His idea stems from wanting to show the differences between the way London was in the past, and how it is at the present moment.
"I've always been interested in combinations, juxtapositions and fusions; in how projects can draw on different references and forge alternative possibilities," said Jacob.
"Often this means bringing apparent opposites together to create unexpected alliances and design languages. The aim is to open up the possibilities of design while also making reference to the world around us."
Through his installation, Jacob aims to provide Londoners with a research space equipped with facilities inspired by the amenities that they might not have access to.
A shared kitchen is based on the city's abundance of food markets, while a micro-library addresses the decreasing number of public libraries that have faced closure following funding cuts.
The exterior of the building is based on the rich combination of facades seen across the city, while the interior is designed as a nod to "British eccentricity". Also on the outside, mirrored surfaces will reflect the cabin's surroundings.

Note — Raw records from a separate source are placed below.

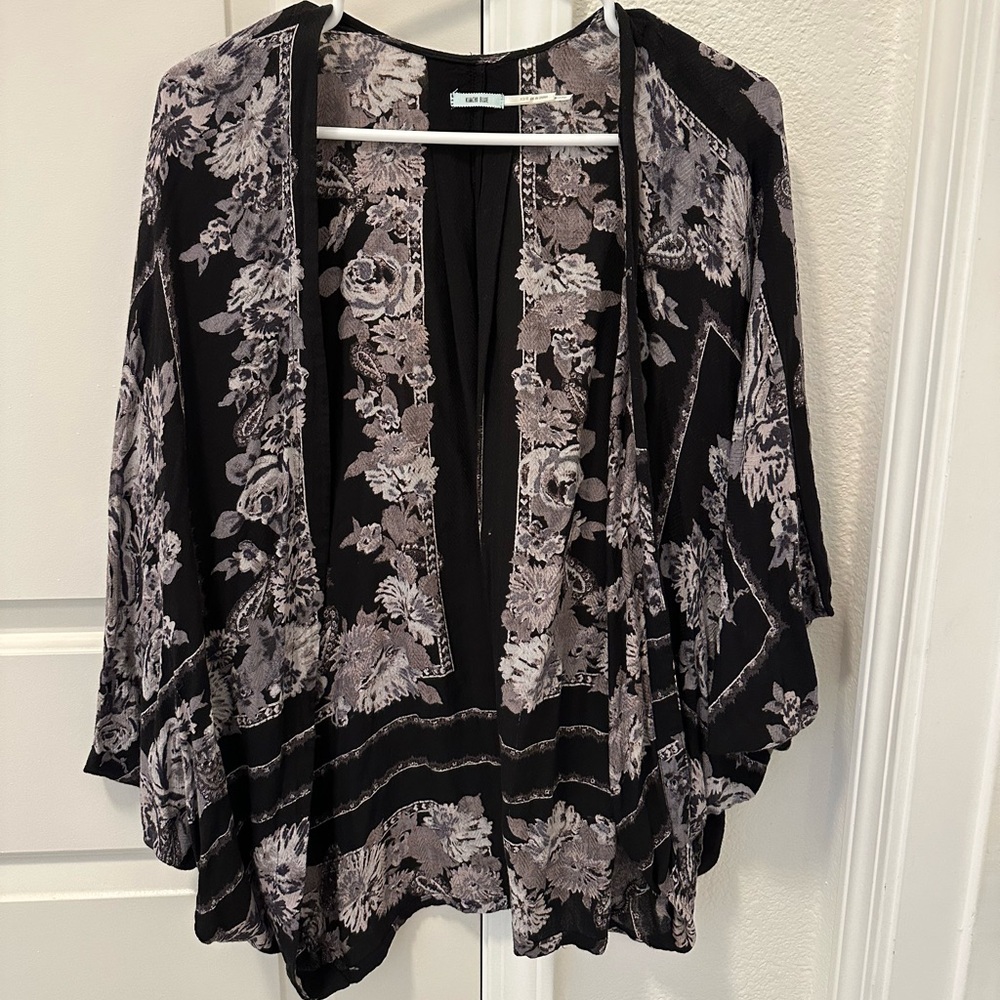 Kimchi Blue Black and Pink Floral Cardigan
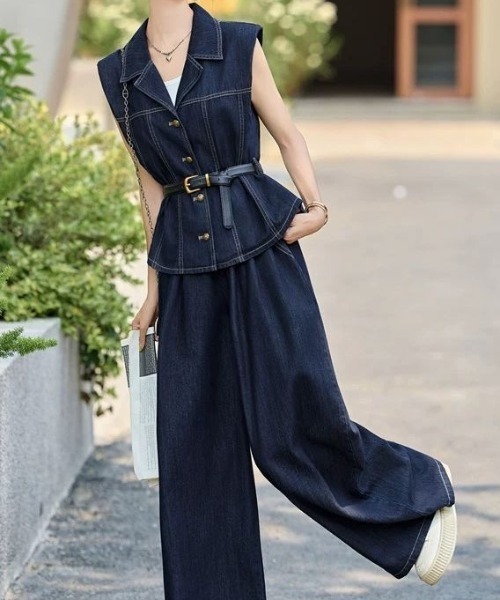 FAVORITO(ファヴォリート)の「ベルト付きデニムセットアップ(セットアップ・レディース・ダークブルー・S/M/L/XL)」の10枚目の写真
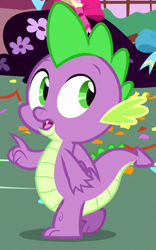 Size: 448x720 | Tagged: safe, screencap, character:spike, species:dragon, episode:yakity-sax, g4, my little pony: friendship is magic, claws, cropped, male, solo, tail, winged spike
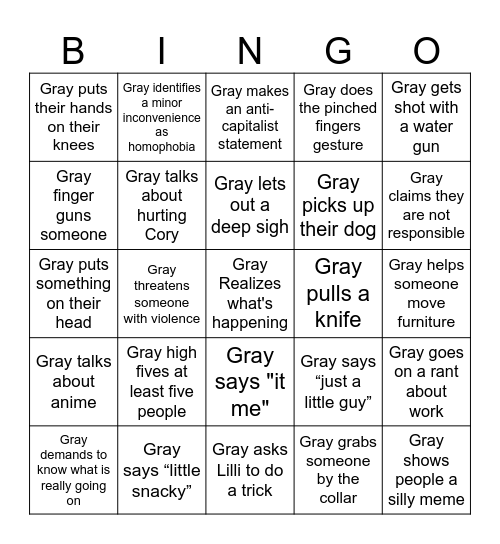 Gray Bingo Card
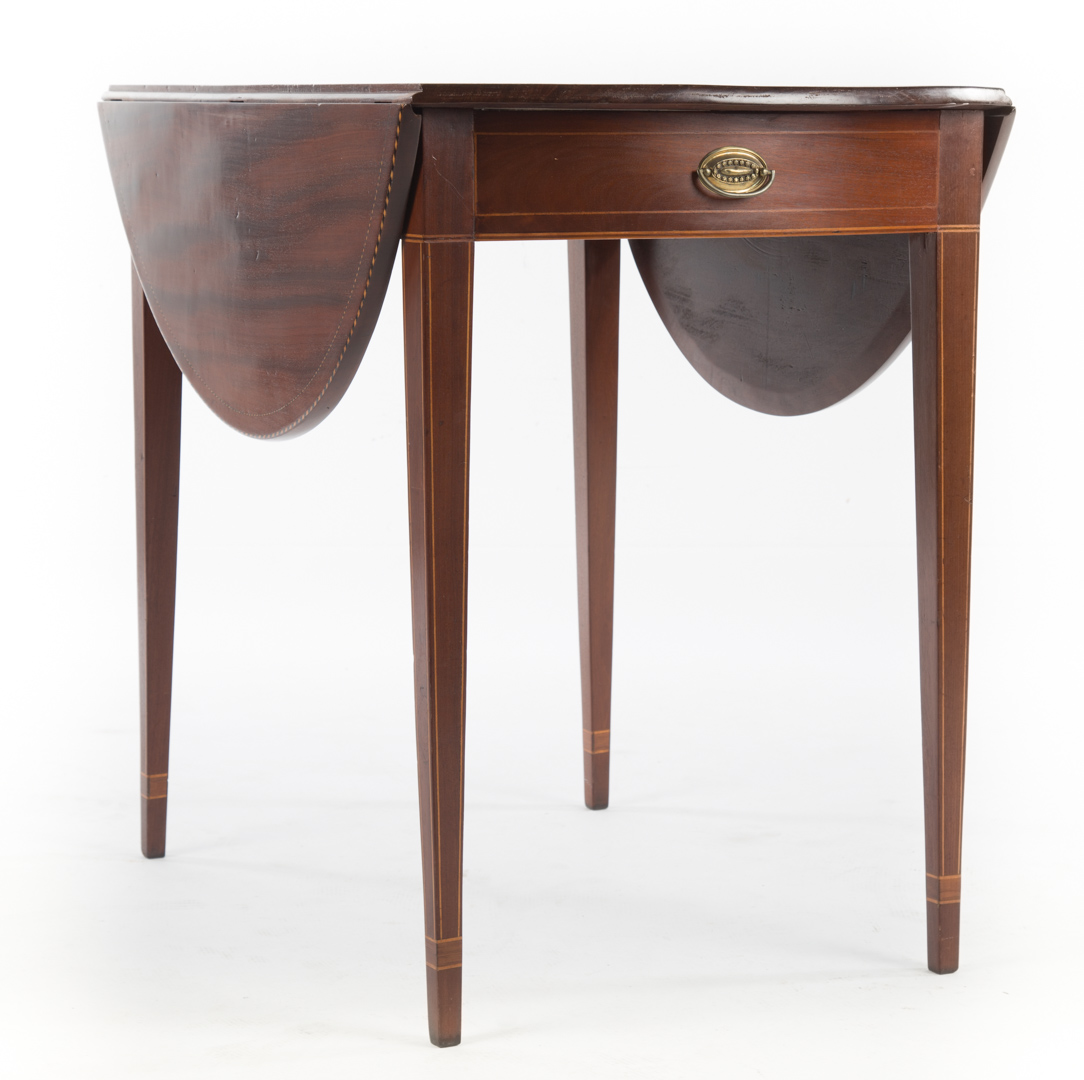 Appraisal: Federal inlaid mahogany Pembroke table circa Maryland flat top with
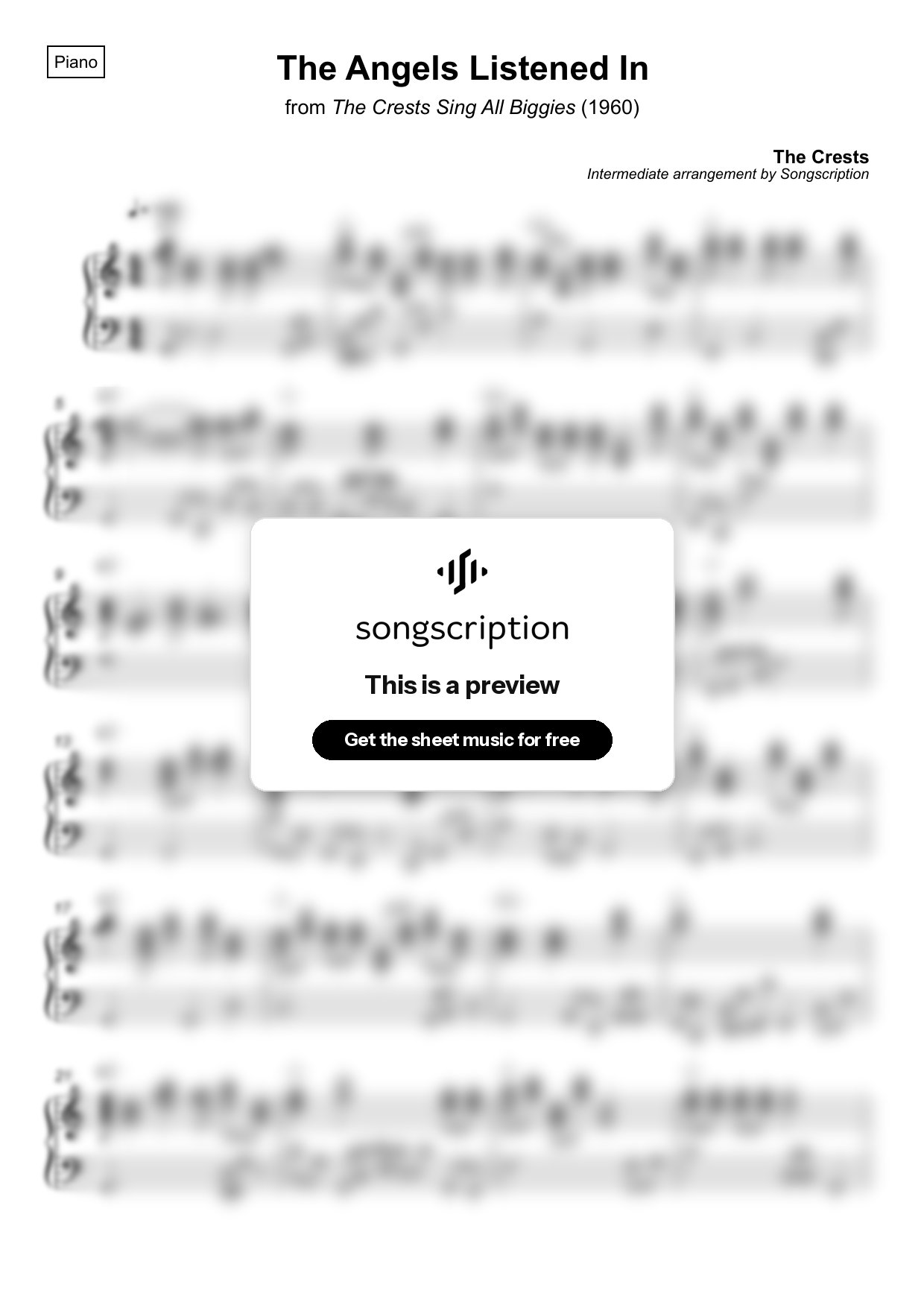 Intermediate Piano Sheet Music for "The Angels Listened In" by The Crests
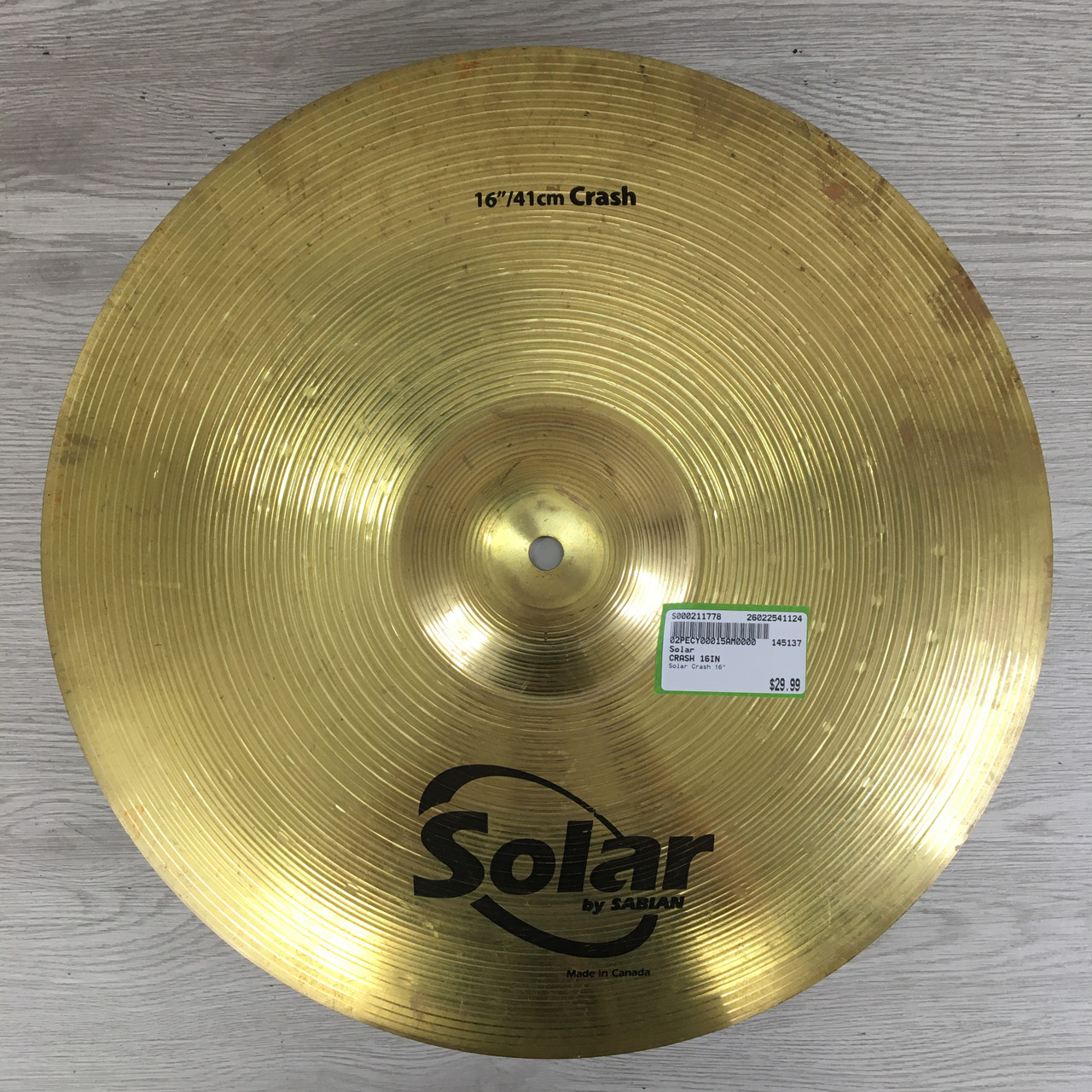 Used Solar CRASH 16IN Crash Cymbal 16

"The mirrored surface of Urban Cabin is playing with the reflections of its surrounding, while the interior is an interactive space designed to understand and evaluate the personal needs of the London urbanite," said Corinna Natter, an experience designer at MINI Living.
London Design Festival takes place this year from 16 to 24 September. It's the second time that MINI Living – a research project by the automotive company that explores the future of cities – has taken part in the festival.
The project began with an installation during last year's Milan design week, and at London Design Festival 2016 they worked with architect Asif Khan to install "forests" in see-through boxes across east London, designed for those who don't have access to parks or gardens.
Sam Jacob is principal of Sam Jacob Studio, and a professor of architecture at University of Illinois at Chicago. The London-based architect and Dezeen columnist was formerly a director of the now-defunct FAT alongside Sean Griffiths and Charles Holland.
The practice disbanded in 2013 after 23 years, but during their time together, they designed a housing block in England where an assortment of building typologies appear to be stacked on top of one another and an exhibition dedicated to architectural copying for the Venice Architecture Biennale 2012.